It is probably not an area we think about much as we surf the Information Superhighway for cheap holidays, the latest news and various pink bits, but who should actually “run” the Internet is an increasingly controversial question.
Currently global Big Brother, the US, has primary control since its Internet Corporation for Assigned Names and Numbers (Icann) oversees the administration of the net’s addressing system. This has led to complaints from other nations – particularly developing countries – that the Yanks are slow to approve non-English domain names and a stranglehold cannot be maintained by one country.
Consequently, the Working Group on Internet Governance (WGIG), a United Nations creation, was charged last week with coming up with a better system, but – like most international discussions – it has just broken up without coming to an agreement. Bloody typical.
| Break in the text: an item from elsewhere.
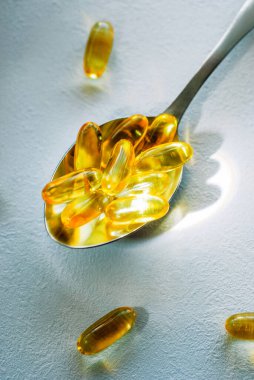 Omega 3 morina yağı içeren yemek kaşığı beyaz bir masa üstünde fotokopi alanı olan kapsüller.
In fact, not only has the WGIG not reached a definitive decision, it is split over no less than four different options. In short, these are: 1. No change, apart from widening Icann’s forum for international debate. 2. To create a UN body called the Global Internet Council to take over from Icann which makes up its posse from governments and “other stakeholders” (an unsettling term). 3. Booting Icann into a basic tech support role with an International Internet Council (no doubt yet another inevitable acronym) grabbing the reigns. 4. (and the most complex) Three new bodies are set up, the first handles the addressing, the second is a debating chamber and the third works on “Internet related public policy issues”.
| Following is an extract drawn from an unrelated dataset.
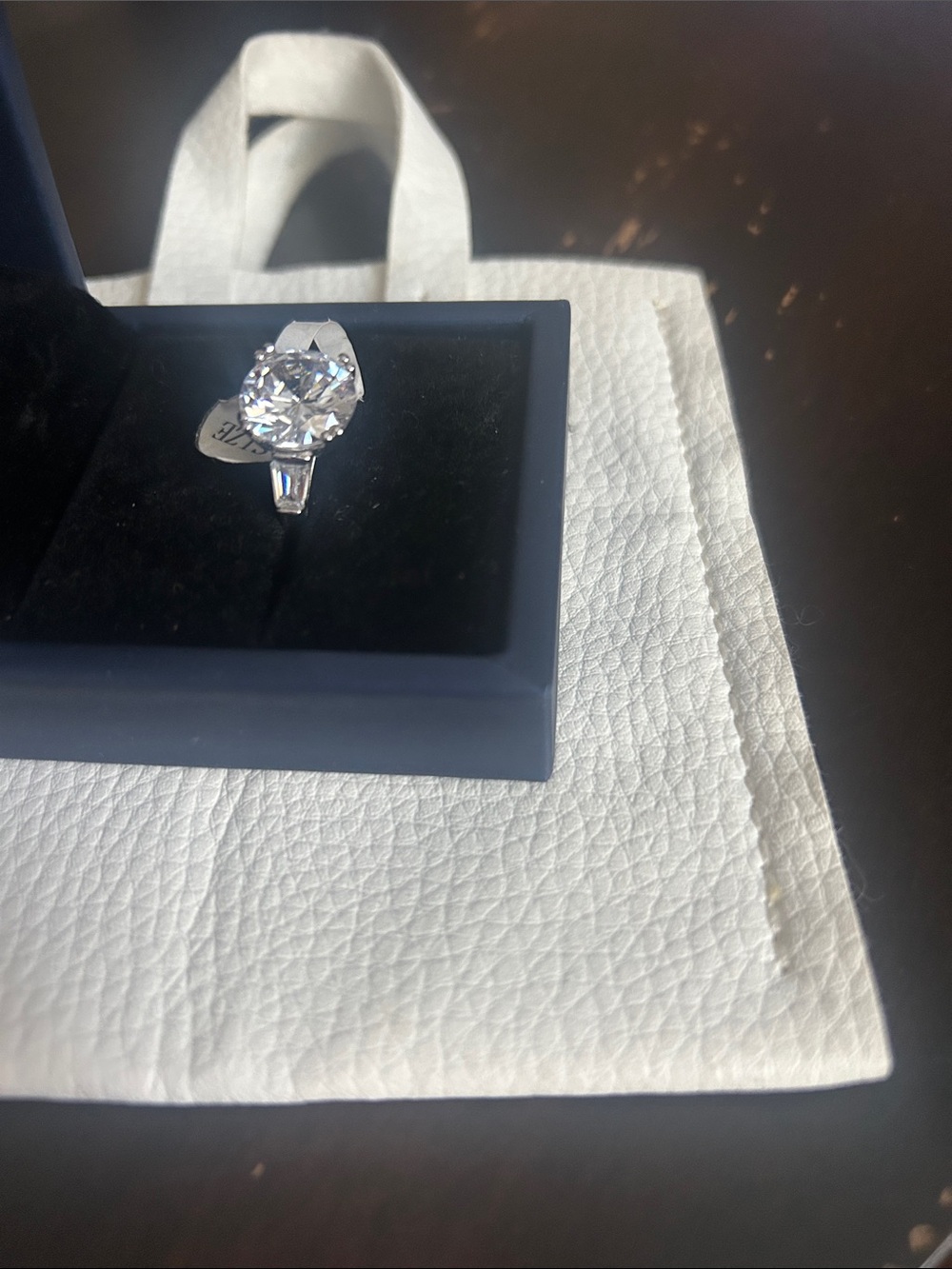 Classic Silver-Tone Round-Cut Engagement Ring with Clear Stone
Clearly, though the US funded much of the web’s early development, all these options demand a greater diversification of control and given that the Internet is a truly global phenomenon this makes perfect sense.
Tensions are rising, however. Last year China threatened to split from the Internet entirely so it could introduce Chinese language domain names. In response, the US government – being their typically sensitive, appeasing selves – responded to all discussions by saying it has no plans to give up any control whatsoever.
Talks are expected to conclude in November when a second summit takes place in Tunisia. Expect no one to be happy with the inevitable compromise. (That’s how politics works, right?!)